I can hear lots of comments about a hash map... I'll proceed to benchmark how one behaves (I expect a significant performance drop over normal lookup due to branching; less than in trees, but still... let's see if I'm right!).

I'd like to emphasize: I'd mostly appreciate an analytical solution which would use some clever way (?) to take advantage of the fact that only "product-like" indices are taken. I feel that this fact might be exploited to get a way better result that an average generic hash map function, but I'm out of ideas myself.

edit

Following your advice, I've tried std::unordered_map from gcc 4.5. This was a tad slower than the simple array lookup, but indeed much faster than the tree-based std::map - ultimately I'm OK with this solution. I understand now why it's not possible to do what I originally intended to; thanks for the explanations!

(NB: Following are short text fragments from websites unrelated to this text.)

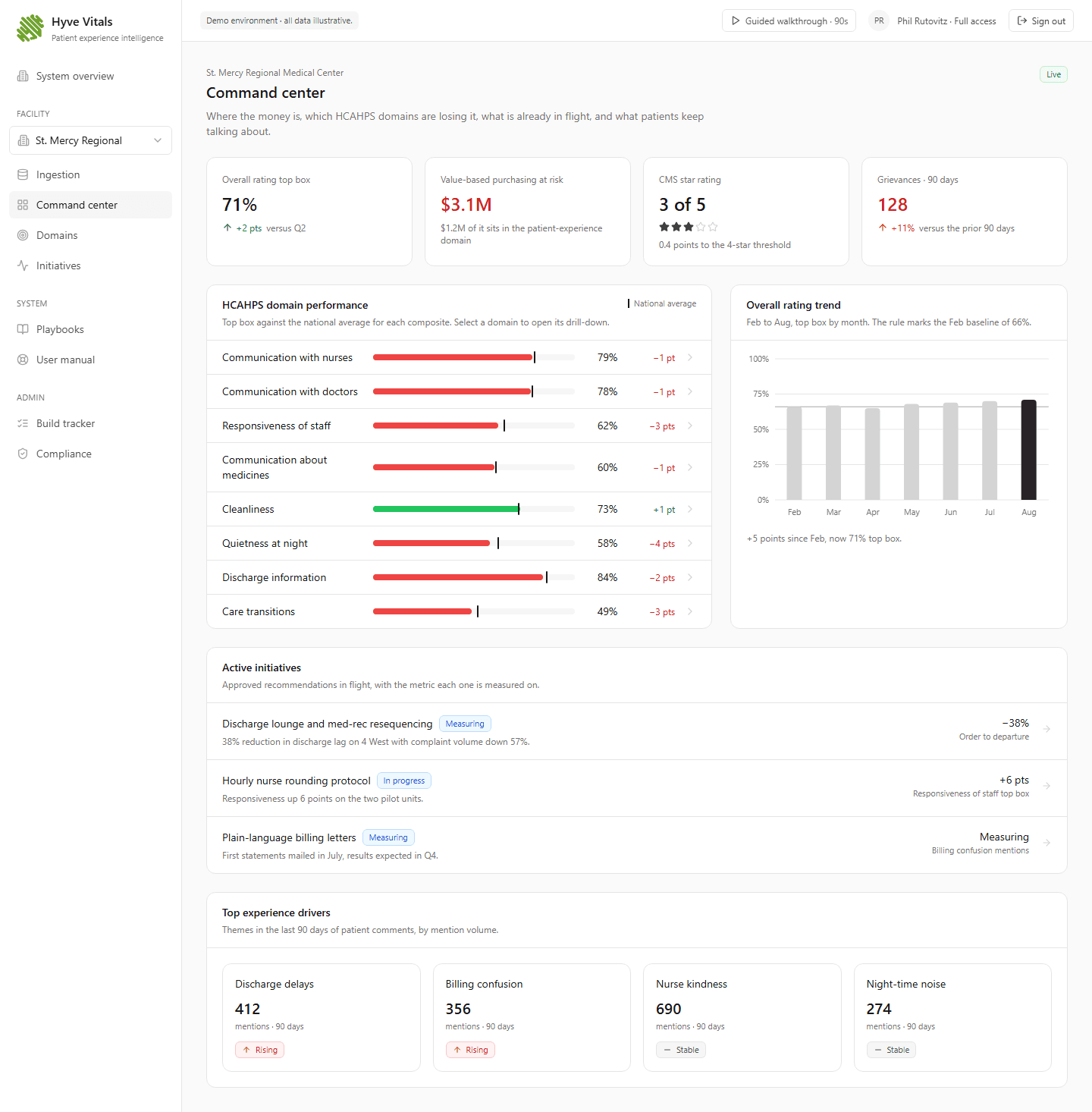 The Hyve Vitals command centre: dollars at risk, eight survey domains scored against the national average, active initiatives and the themes patients mention most.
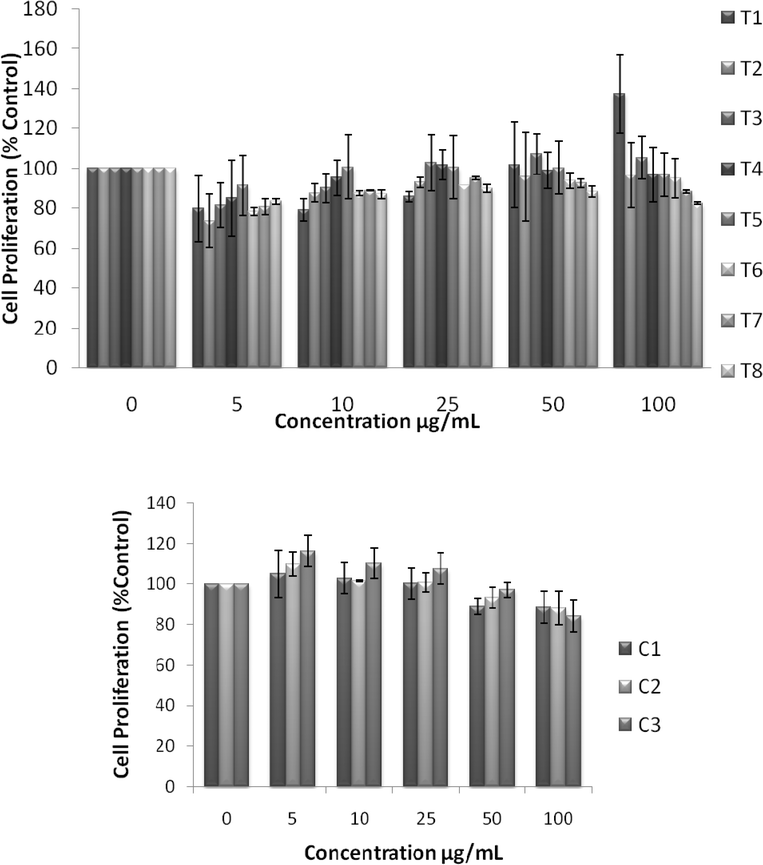 Effect of NZVI on mitochondrial function after 24h exposure. Mitochondrial function was determined by the MTS assay as described in the Experimental procedure section. Each experimental point is a composite of three independent experiments, with n≥ 3 for each point. Top: MTS showing cell proliferation after 24h exposure to various concentrations of NZVI. The figure shows no significant reductions in cell proliferation, but instead increased cell proliferation after 24h. Bottom: MTS showing changes in cell proliferation after 24h exposure to various concentrations of control particles made with sodium borohydride. These particles produced no significant decrease in cell proliferation after 24h.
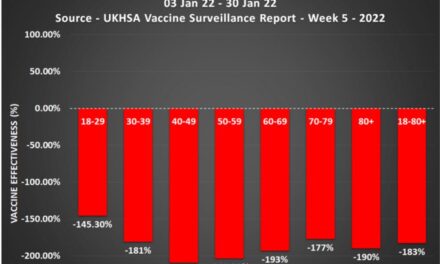 Unmasking the Hidden Dangers: How mRNA C-19 Vaccines Can Compromise Your Immune System & Essentially Cause “VAIDS”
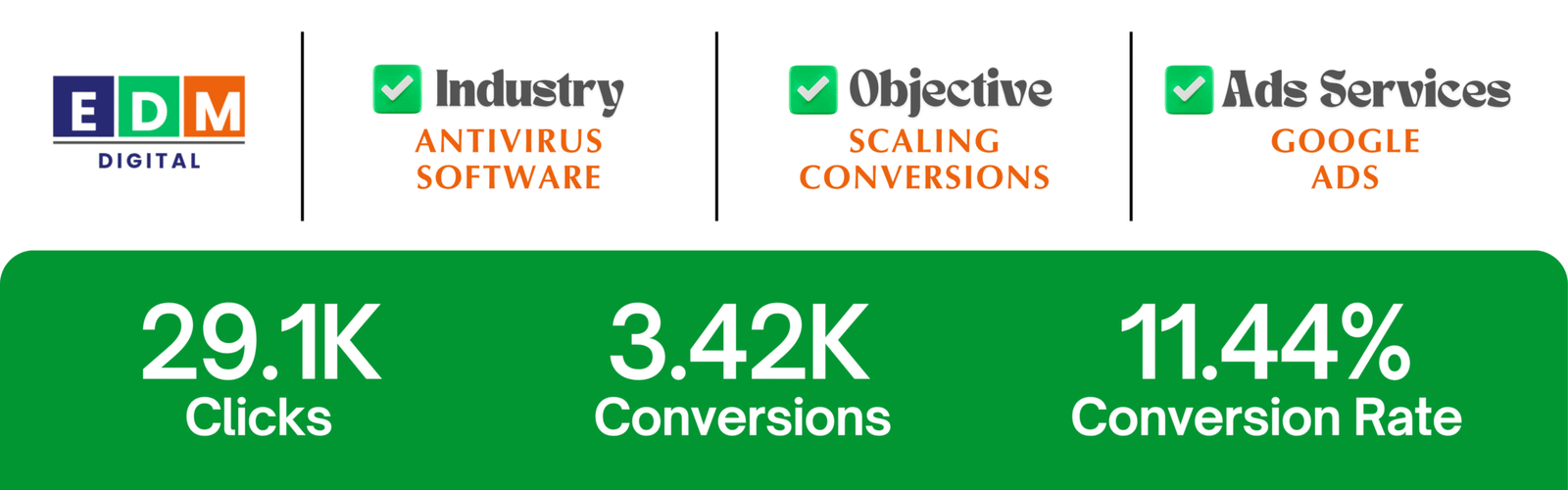 Google Ads Case Study – 3,400+ Conversions for Antivirus Store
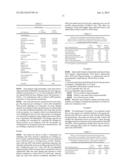 NON-DIGESTIBLE OLIGOSACCHARIDES FOR ORAL INDUCTION OF TOLERANCE AGAINST     DIETARY PROTEINS diagram and image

I'm just unsure whether the hash-map actually saves any memory! :) As @Keith Randall has described, I cannot get the memory footprint lower than N*N/4, and the triangular matrix approach described by @Sjoerd gives me N*N/2. I think that it's entirely possible for the hash map to use more than N*N/2 space if the element size is small (depends on the container overhead) - which would make the fastest approach also the most memory-effective! I'll try to check that.

I wish I could accept 2 answers...

Kos
  • 70,399
  • 25
  • 169
  • 233
  • Can you change `f` to be `f(a, b)`? – James McNellis Jan 15 '11 at 01:43
  • Of course... even a wrapper can do that. The result depends only on the product. – Kos Jan 15 '11 at 01:47
  • Well, it wasn't clear if you actually knew `a` and `b` at the time of the call or whether you just had `x`. – James McNellis Jan 15 '11 at 01:53
  • 1
    If you find a fast way to skip unused entries, it could be turned into a fast way to tell whether a number is prime. As the latter is considered a hard problem, I doubt you'll get an good analytical solution for your problem. – Sjoerd Jan 16 '11 at 00:38

4 Answers4

5

Start with looking at it as a two-dimensional array: tab[a][b]. This still requires N*N size.

Each entry will be used, but there will be duplication: f(a,b) = f(b,a). So only a triangular matrix is required (at the cost of one branch for a>b vs a<b).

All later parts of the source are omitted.